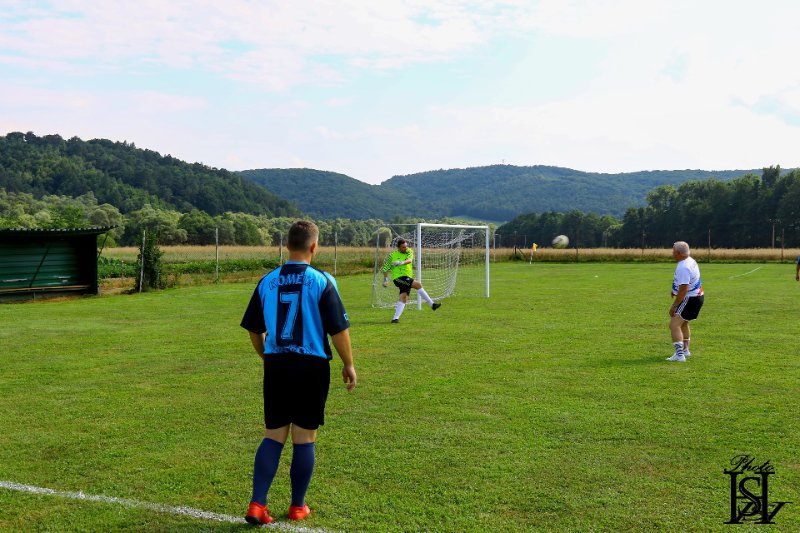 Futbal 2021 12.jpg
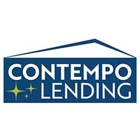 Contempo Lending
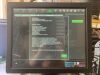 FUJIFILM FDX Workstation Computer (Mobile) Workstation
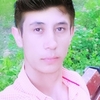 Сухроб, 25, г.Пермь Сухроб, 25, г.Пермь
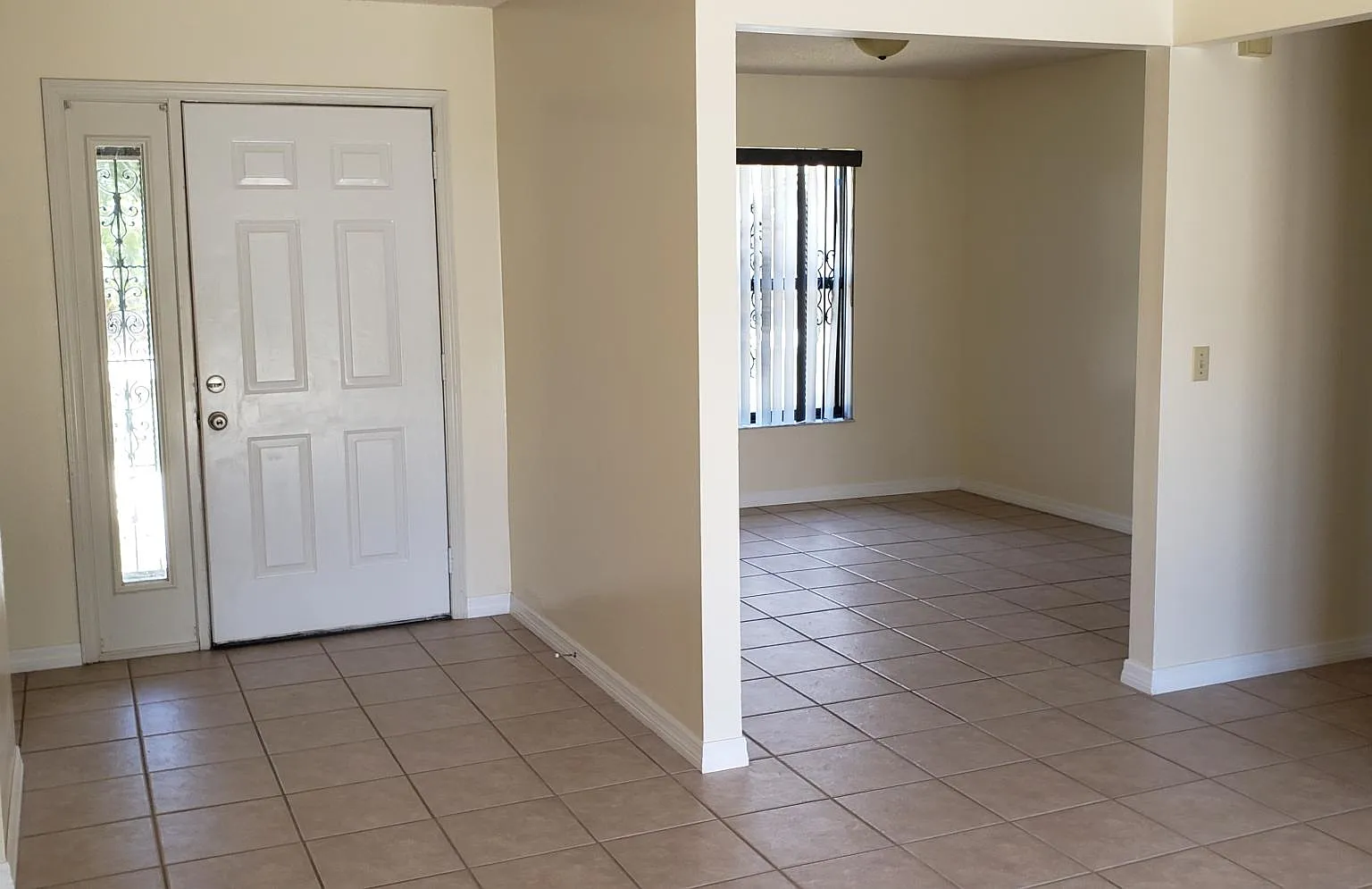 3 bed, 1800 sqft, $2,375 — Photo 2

--------------------

Every line from the one containing "FUJIFILM FDX Workstation" to the last line of the material must be returned exactly. Leave out any pictures.

 FUJIFILM FDX Workstation Computer (Mobile) Workstation
 Сухроб, 25, г.Пермь Сухроб, 25, г.Пермь
 3 bed, 1800 sqft, $2,375 — Photo 2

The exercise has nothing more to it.